No person guilty of fraudulent misrepresentation (within the meaning of Section 11(f) of the 1933 Act) shall be entitled to contribution from any person who was not guilty of such fraudulent misrepresentation.

For purposes of this Section 7, each person, if any, who controls an Underwriter within the meaning of Section 15 of the 1933 Act or Section 20 of the 1934 Act and each Underwriter’s Affiliates and selling agents shall have the same rights to contribution as such Underwriter, and each director of the Company, each officer of the Company who signed the Registration Statement, and each person, if any, who controls the Company or the Operating Partnership within the meaning of Section 15 of the 1933 Act or Section 20 of the 1934 Act shall have the same rights to contribution as the Company and the Operating Partnership. The Underwriters’ respective obligations to contribute pursuant to this Section 7 are several in proportion to the number of Initial Securities set forth opposite their respective names in Schedule A hereto and not joint.

SECTION 8. Representations, Warranties and Agreements to Survive.

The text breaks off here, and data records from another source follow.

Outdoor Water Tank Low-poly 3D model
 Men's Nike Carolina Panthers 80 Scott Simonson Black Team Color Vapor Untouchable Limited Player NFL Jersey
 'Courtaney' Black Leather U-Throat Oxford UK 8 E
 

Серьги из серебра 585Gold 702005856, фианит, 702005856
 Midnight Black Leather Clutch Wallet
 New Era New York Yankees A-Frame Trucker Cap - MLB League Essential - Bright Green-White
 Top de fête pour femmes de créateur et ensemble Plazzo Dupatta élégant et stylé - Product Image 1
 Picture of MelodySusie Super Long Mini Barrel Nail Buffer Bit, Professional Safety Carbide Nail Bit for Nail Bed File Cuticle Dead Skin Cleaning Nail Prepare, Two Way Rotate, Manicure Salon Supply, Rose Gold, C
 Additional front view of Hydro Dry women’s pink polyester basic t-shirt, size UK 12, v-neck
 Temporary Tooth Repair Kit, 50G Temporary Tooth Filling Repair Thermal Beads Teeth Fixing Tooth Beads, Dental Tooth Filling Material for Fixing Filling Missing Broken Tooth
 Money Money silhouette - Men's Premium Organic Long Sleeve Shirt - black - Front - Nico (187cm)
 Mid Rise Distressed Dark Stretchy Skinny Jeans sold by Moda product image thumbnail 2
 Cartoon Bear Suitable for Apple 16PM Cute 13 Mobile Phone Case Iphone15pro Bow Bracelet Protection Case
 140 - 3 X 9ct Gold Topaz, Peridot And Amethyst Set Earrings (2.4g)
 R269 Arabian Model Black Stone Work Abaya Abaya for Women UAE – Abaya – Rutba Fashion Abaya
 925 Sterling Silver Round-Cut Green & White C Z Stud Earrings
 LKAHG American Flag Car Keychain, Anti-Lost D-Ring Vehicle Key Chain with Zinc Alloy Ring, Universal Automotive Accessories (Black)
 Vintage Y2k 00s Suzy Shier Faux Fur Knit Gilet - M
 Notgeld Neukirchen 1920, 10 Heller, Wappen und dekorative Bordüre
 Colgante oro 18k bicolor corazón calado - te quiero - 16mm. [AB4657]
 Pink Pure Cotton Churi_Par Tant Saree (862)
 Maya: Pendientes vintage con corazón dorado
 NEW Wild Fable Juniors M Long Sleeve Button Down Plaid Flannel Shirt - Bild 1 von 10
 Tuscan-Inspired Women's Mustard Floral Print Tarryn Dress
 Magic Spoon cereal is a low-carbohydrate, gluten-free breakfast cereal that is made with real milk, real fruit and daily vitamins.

All representations, warranties and agreements contained in this Agreement or in certificates of officers of the Company or any of its subsidiaries submitted pursuant hereto, shall remain operative and in full force and effect regardless of (i) any investigation made by or on behalf of any Underwriter or its Affiliates or selling agents, any person controlling any Underwriter, its officers or directors, any person controlling the Company or the Operating Partnership and (ii) delivery of and payment for the Securities.

SECTION 9. Termination of Agreement.

(a) Termination; General. The Representatives may terminate this Agreement, by notice to the Company, at any time at or prior to the Closing Time (i) if there has been, since the time of execution of this Agreement or since the respective dates as of which information is given in the Prospectus or the General Disclosure Package, any material adverse change in the condition, financial or otherwise, or in the earnings, business affairs or business prospects of the Company and its subsidiaries considered as one enterprise, whether or not arising in the ordinary course of business, or (ii) if there has occurred any material adverse change in the financial markets in the United States or the international financial markets, any outbreak of hostilities or escalation thereof or other calamity or crisis or any change or development involving a prospective change in national or international political, financial or economic conditions, in each case the effect of which is such as to make it, in the judgment of the Representatives, impracticable or inadvisable to market the Securities or to enforce contracts for the sale of the Securities, or (iii) if trading in any securities of the Company has been suspended or materially limited by the Commission or the New York Stock Exchange, or if trading generally on the American Stock Exchange or the New York Stock Exchange or in the Nasdaq National Market has been suspended or materially limited, or minimum or maximum prices for trading have been fixed, or maximum ranges for prices have been required, by any of said exchanges or by such system or by order of the Commission, the NASD or any other governmental authority, or (iv) a material disruption has occurred in commercial banking or securities settlement or clearance services in the United States, or (v) if a banking moratorium has been declared by either Federal or New York authorities.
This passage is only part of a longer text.